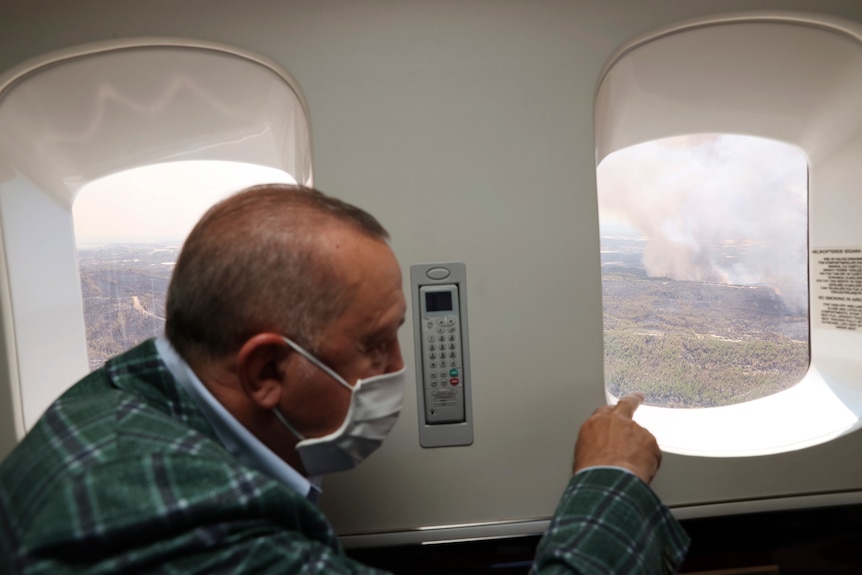 Il presidente turco Recep Tayyip Erdogan osserva gli incendi boschivi dal suo aereo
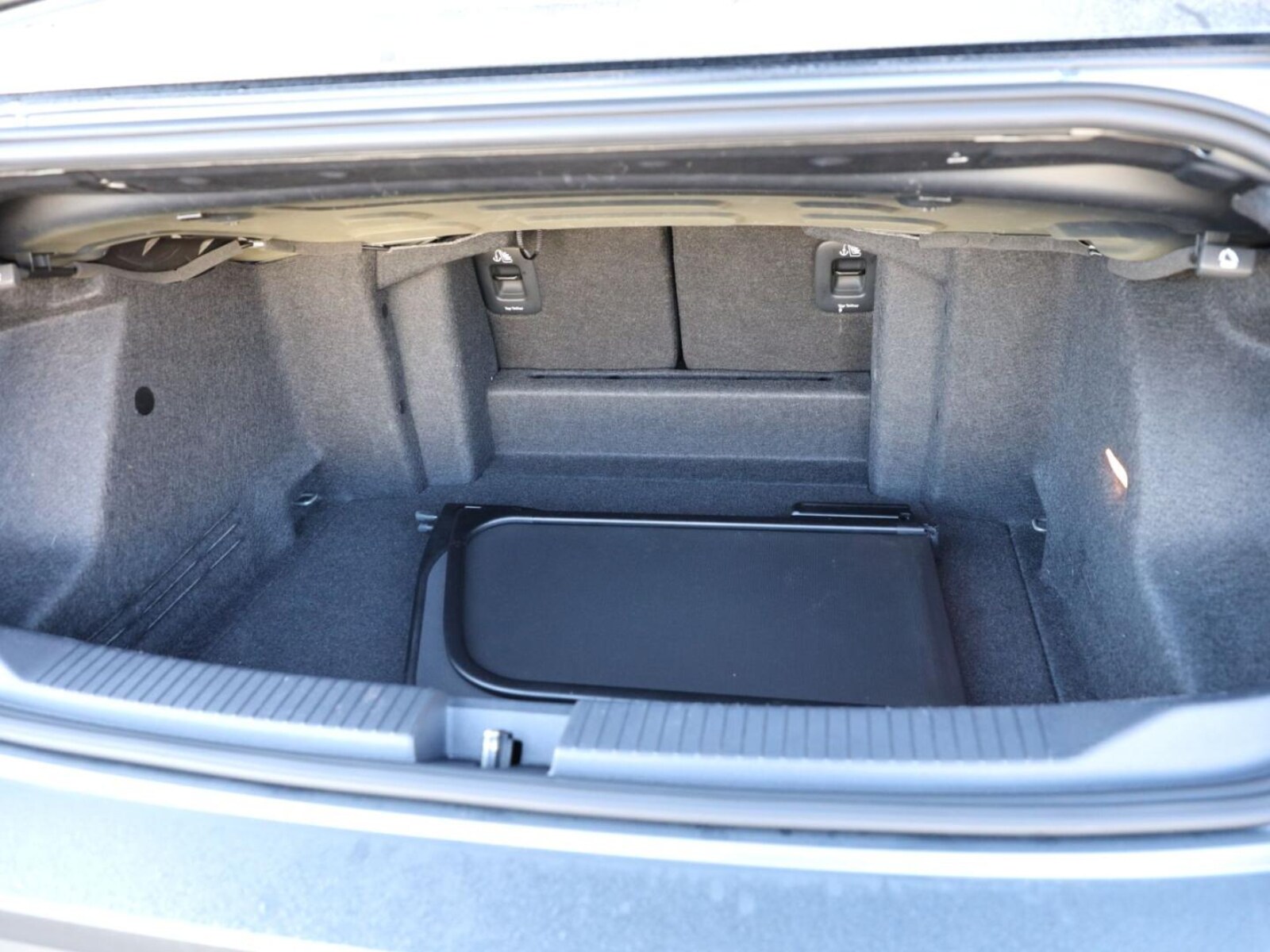 Volkswagen T-Roc Cabriolet – Bild 22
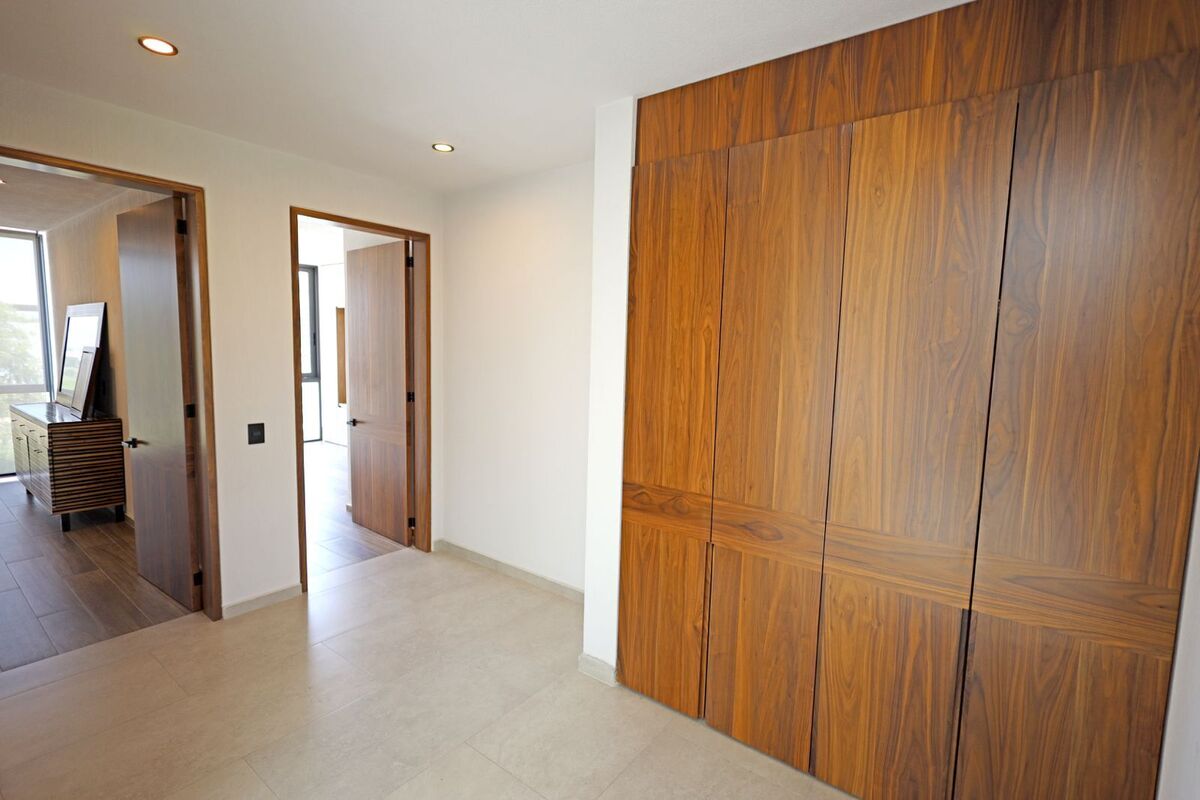18 of 28: Distribuidor/ closet de blancos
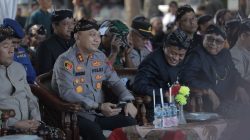 Hadiri Larung Sesaji Pantai Serang, Kapolres Blitar Tegaskan Komitmen Jaga Keamanan Tradisi Budaya
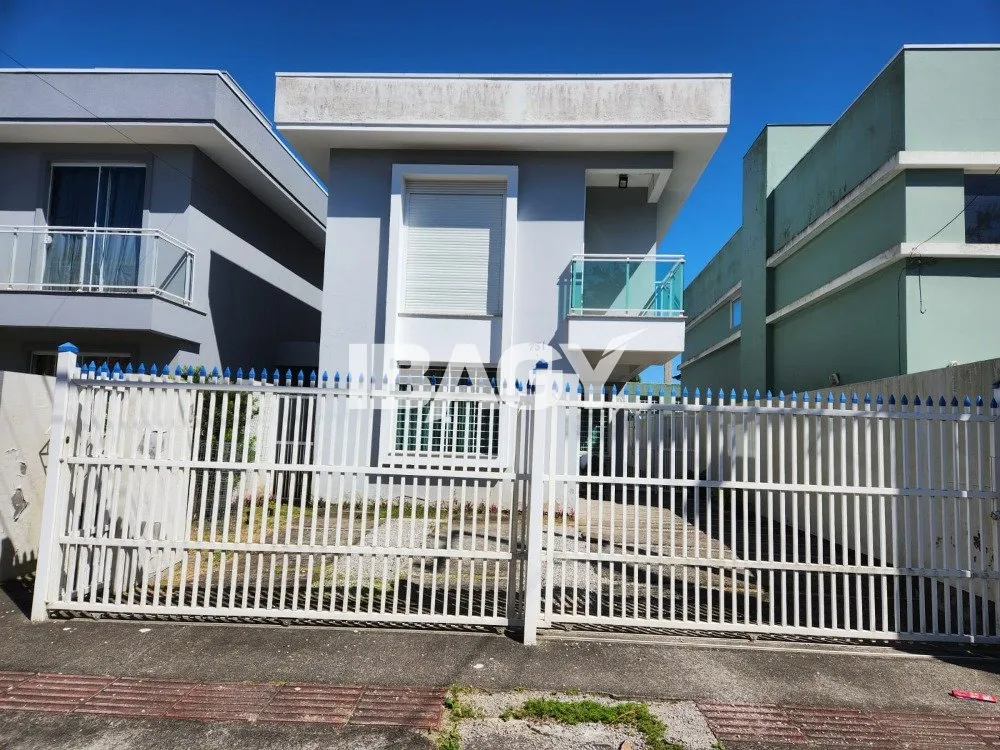 Furnished house, 157 m², with a walk-in closet — photo 37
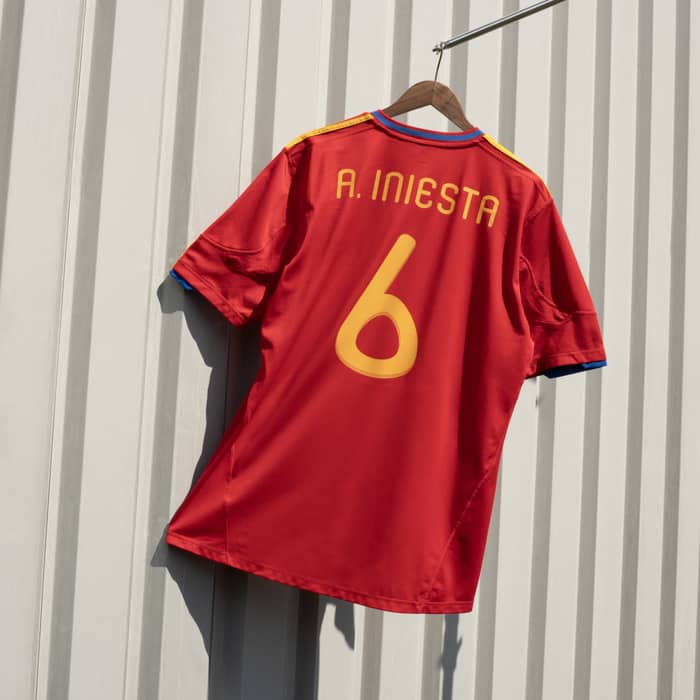 2009-10 Spain Home Shirt A.Iniesta #6 - 6/10 - (S)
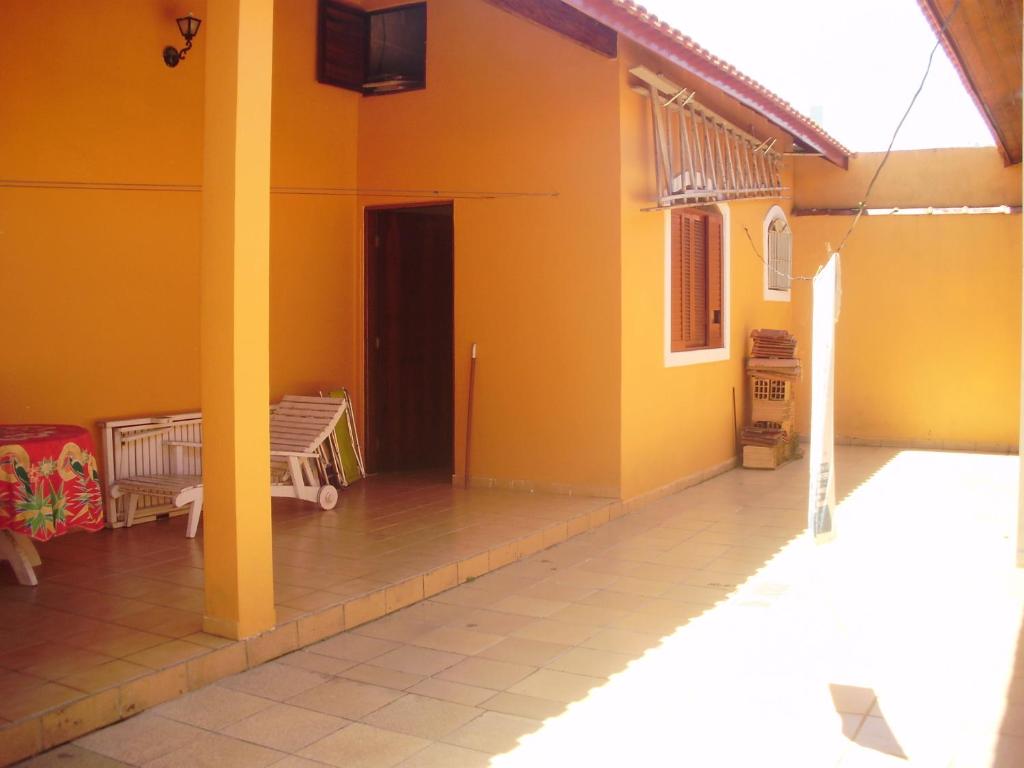  Casa 200m da praia 3 dorm. p/ 12 pessoas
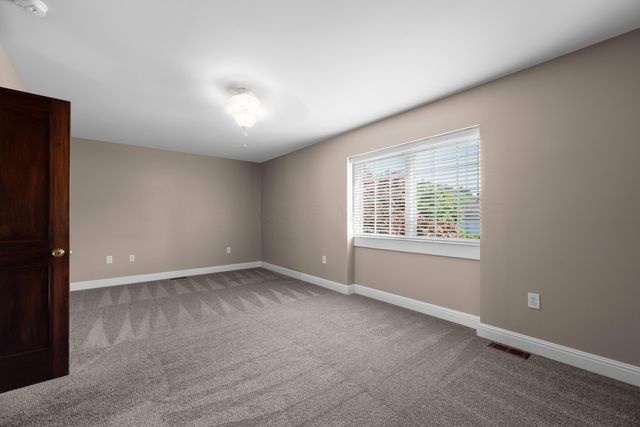 5386 Club Drive, Westerville, OH 43082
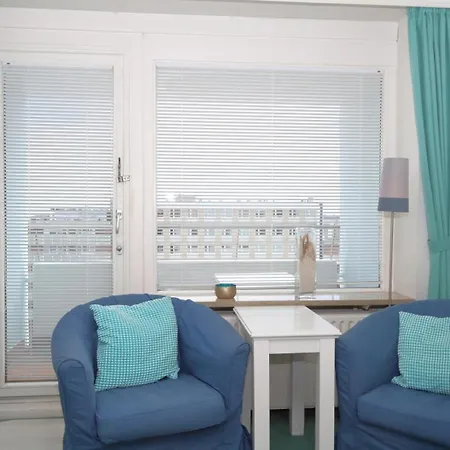 Haus-metropol-93-ob * Westerland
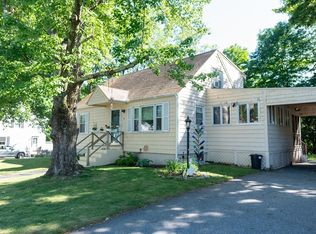 26 Sunset Rd, Dracut, MA 01826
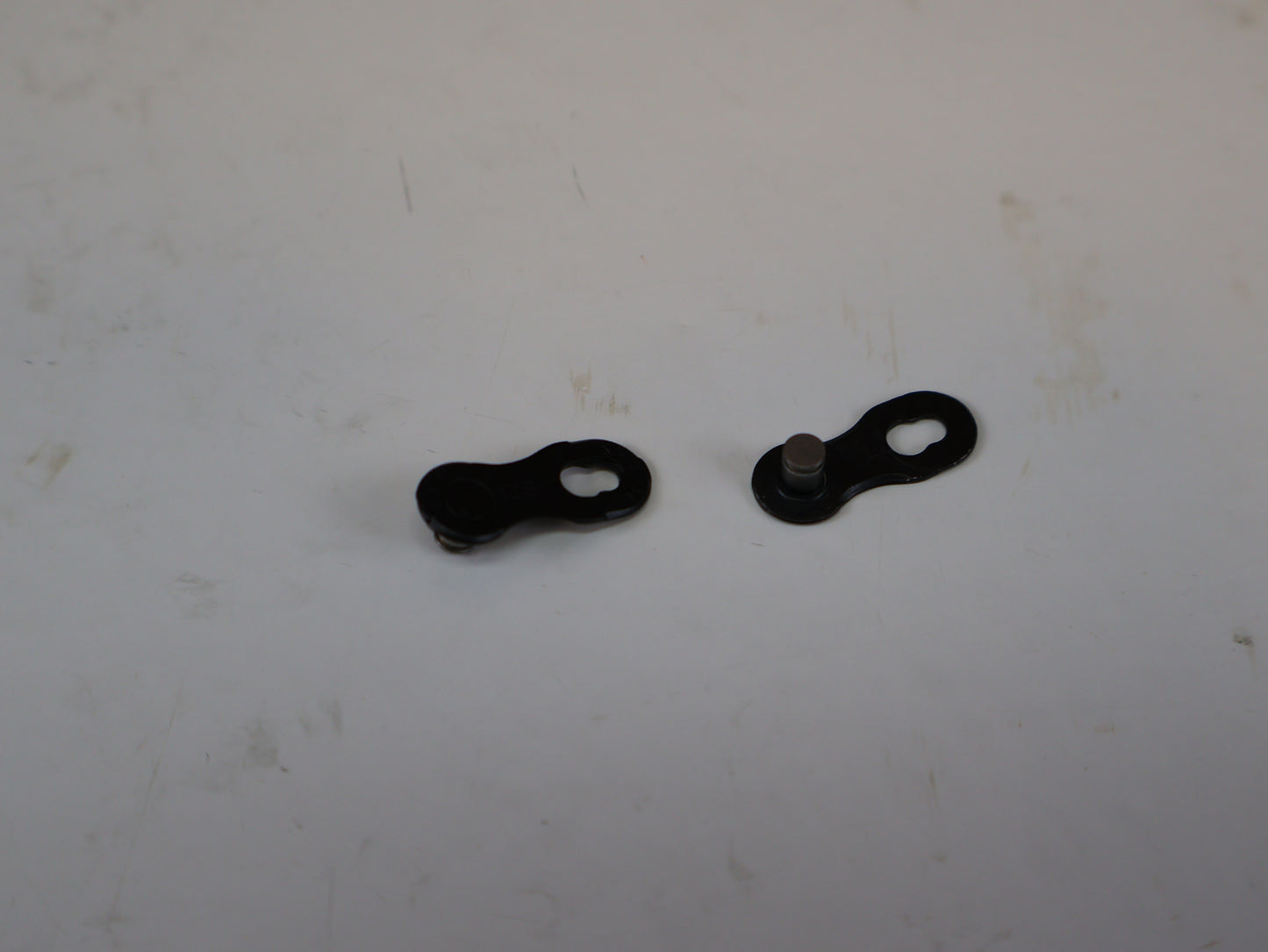KMC E12 BLACKTECH E-BIKE CHAIN / 12-SPEED BLACK 130 LINKS MTB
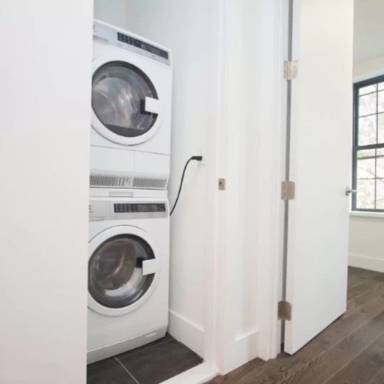 Main picture of 1675 Woodbine St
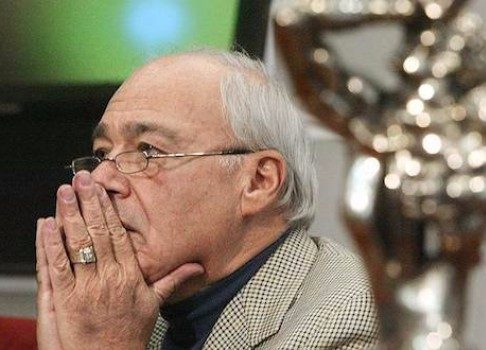 Ничего общего с демократическим выбором: Познер потребовал отказаться от названия ТЭФИ и статуэтки «Орфей»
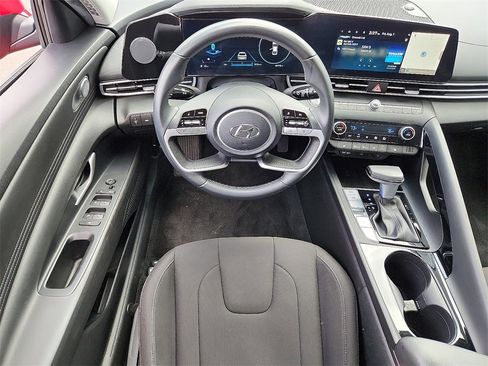 Used 2023 Hyundai Elantra SEL w/ Convenience Package image 11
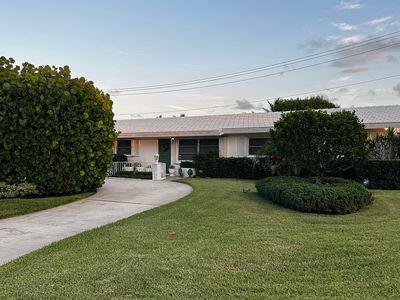 7990 W Lake Drive, Lake Clarke Shores, FL, 33406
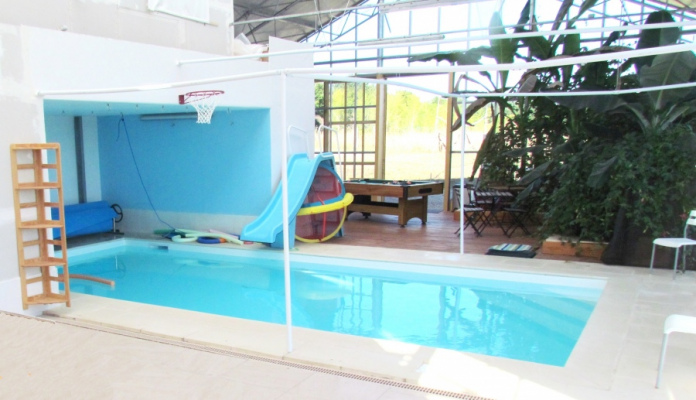 vacances en groupe Gite & piscine chauffée en campagne prés de NANTES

====

WORK REQUIRED
Your response must consist of the material above, reproduced word for word, with the images omitted.

SOLUTION TO THE EXERCISE
 Il presidente turco Recep Tayyip Erdogan osserva gli incendi boschivi dal suo aereo
 Volkswagen T-Roc Cabriolet – Bild 22
18 of 28: Distribuidor/ closet de blancos
 Hadiri Larung Sesaji Pantai Serang, Kapolres Blitar Tegaskan Komitmen Jaga Keamanan Tradisi Budaya
 Furnished house, 157 m², with a walk-in closet — photo 37
 2009-10 Spain Home Shirt A.Iniesta #6 - 6/10 - (S)
  Casa 200m da praia 3 dorm. p/ 12 pessoas
 5386 Club Drive, Westerville, OH 43082
 Haus-metropol-93-ob * Westerland
 26 Sunset Rd, Dracut, MA 01826
KMC E12 BLACKTECH E-BIKE CHAIN / 12-SPEED BLACK 130 LINKS MTB
 Main picture of 1675 Woodbine St
 Ничего общего с демократическим выбором: Познер потребовал отказаться от названия ТЭФИ и статуэтки «Орфей»
 Used 2023 Hyundai Elantra SEL w/ Convenience Package image 11
 7990 W Lake Drive, Lake Clarke Shores, FL, 33406
 vacances en groupe Gite & piscine chauffée en campagne prés de NANTES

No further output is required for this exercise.